Sadly, good intentions do not automatically translate into good productions, and NBC’s notion of “The Sound of Music” offers a cruel lesson of how a fatally miscast star can sink a show. In this case, Nashville icon Carrie Underwood was simply the wrong person to insert into the coveted role of Maria Von Trapp. Even without the legacies of Mary Martin and Julie Andrews looming in the popular imagination, the part of Maria calls for a singing actress who has the charisma to balance Broadway-style music, light comedy and airy melodrama – as well as a bit of Swiss-style yodeling for “The Lonely Goatherd” number.

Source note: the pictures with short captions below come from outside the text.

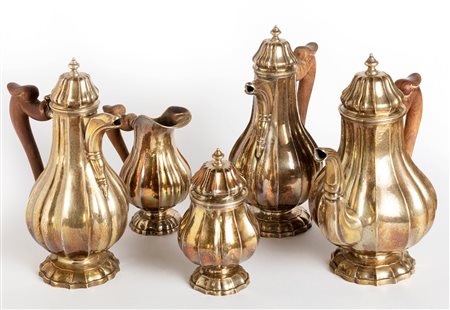 Servizio in argento composto da 5 pezzi, fine secolo XIX - inizi secolo XX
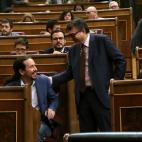 El portavoz del PNV, Aitor Esteban (d), saluda al l&iacute;der de Unidos Podemos, Pablo Iglesias (2i).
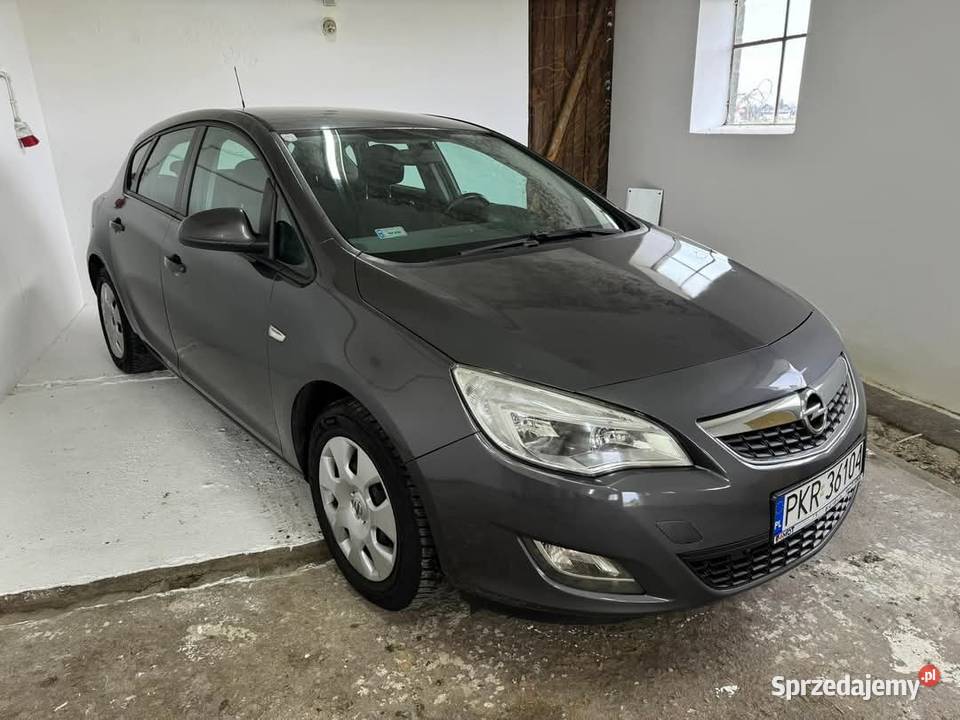 Opel Astra 2010r 14 Benzyna 168 przebieg Stan autoalarm Bojanowo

As an actress, Underwood steamrolls through “The Sound of Music” with a constant look of wide-eyed bewilderment – an expression that would be perfect for playing Janet in a “Rocky Horror” remake, but inappropriate here. As a singer, she misses the sincerity and subtle playfulness of the Rodgers and Hammerstein score, to the point that her singing could be mistaken as a graceless phonetic presentation. As for the yodeling in “The Lonely Goatherd,” I wouldn’t be surprised if the goats turned the channel to watch “Two Broke Girls” reruns instead.
Sadly, the rest of the production cannot overcome the resonance of Underwood’s disastrous central presence. Stephen Moyer’s Captain Von Trapp is too mild of a presence – and his singing is too weak – to add any sense of balance to the show’s romantic thread. Audra McDonald brings some much needed warmth and class to the proceedings with her rendition of “Climb Ev’ry Mountain,” but it is hard not to overlook that she is at least 25 years too young to play the aged Mother Superior. And the kids playing the Von Trapp offspring are typical Broadway tykes – a little too mechanically cute to be mistaken for the genuine article.
This DVD offering comes without the commercial interruptions that appeared during the original broadcast. This is too bad, because they were the most entertaining aspect of the evening’s presentation.